A demissão secreta do neto de Sarney teria ocorrido para não revelar a existência de um parente não concursado do senador na Casa, quando o Senado aplicava a súmula antinepotismo aprovada pelo Supremo Tribunal Federal, ano passado. João Fernando trabalhou por um ano e oito meses como secretário parlamentar no gabinete de Epitácio Cafeteira (PTB-MA), que ontem confirmou que o empregou porque devia favores ao filho mais velho de Sarney, Fernando Sarney. Apesar de não ter curso superior, o rapaz recebia salário de R$7,6 mil.

- Fernando me ajudou muito na reconciliação com Sarney, então quis retribuir e ofereci um emprego para o filho dele. Não falei com o Sarney quando o contratei - disse Cafeteira.
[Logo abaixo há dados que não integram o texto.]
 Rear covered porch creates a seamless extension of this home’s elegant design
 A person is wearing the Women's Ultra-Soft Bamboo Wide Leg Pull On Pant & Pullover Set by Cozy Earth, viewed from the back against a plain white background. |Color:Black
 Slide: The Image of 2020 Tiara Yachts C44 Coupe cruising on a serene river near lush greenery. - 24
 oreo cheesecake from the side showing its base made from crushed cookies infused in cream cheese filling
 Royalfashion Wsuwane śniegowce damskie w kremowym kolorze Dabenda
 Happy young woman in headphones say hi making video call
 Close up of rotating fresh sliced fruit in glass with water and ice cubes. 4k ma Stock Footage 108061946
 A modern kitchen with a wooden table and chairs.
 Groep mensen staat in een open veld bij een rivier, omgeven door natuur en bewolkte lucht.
- A nomeação não foi secreta, vejam aqui o Boletim Administrativo de 1º de fevereiro de 2007, o que mostra transparência total, e que ninguém queria esconder nada. Por isso, não passava pela minha cabeça que a exoneração pudesse ser secreta. Muito menos para me blindar. O que posso dizer é que mandamos publicar todos os boletins que não foram publicados ao longo do tempo, durante a minha administração. Não tinha ideia que isso acontecia - defendeu-se Sarney.

Lista completa só em uma semana

Ao longo do dia, cresceu a cobrança pela anulação dos atos.

- Todos esses atos devem ser anulados pela Mesa. Isso é um princípio básico e serve para preservar o Senado de eventuais fraudes - cobrou o líder do PT, Aloizio Mercadante (SP).

- Sendo ato secreto, é difícil quem quer que seja tê-lo assinado, ter corroborado. Não consigo ver isso - emendou o líder do PSDB, Arthur Virgílio (AM).

Só após receber o relatório final da comissão que designou é que Heráclito deverá identificar os responsáveis pela omissão. Esse relatório deveria ser entregue amanhã, mas como Heráclito viajou ontem para São Paulo, para se submeter a uma cirurgia, a divulgação da lista completa deverá demorar pelo menos mais uma semana.

- Seria precipitação anunciar agora qualquer punição - disse.

Entre os atos secretos identificados pelo "Estadão" estão a nomeação e exoneração de Maria Eliane Padilha, mulher do deputado Eliseu Padilha (PMDB-RS), na Advocacia Geral, e a criação de 25 cargos de confiança, de R$2,2 mil, na Diretoria Geral. Também consta a nomeação de João Carlos Zoghbi Filho e de Luiz Fernando, filho e irmão, respectivamente, do ex-diretor de Recursos Humanos João Carlos Zoghbi, ambos na Diretoria Geral.

Ficou escondida a nomeação e exoneração de Marlene Galdino, ex-presidente da Câmara de Murici (AL), que tem como prefeito o filho de Renan Calheiros (PMDB-AL). É o caso também de Luiz Cantuária, ex-presidente da Assembleia Legislativa do Amapá, nomeado para o Conselho Editorial do Senado, presidido por Sarney.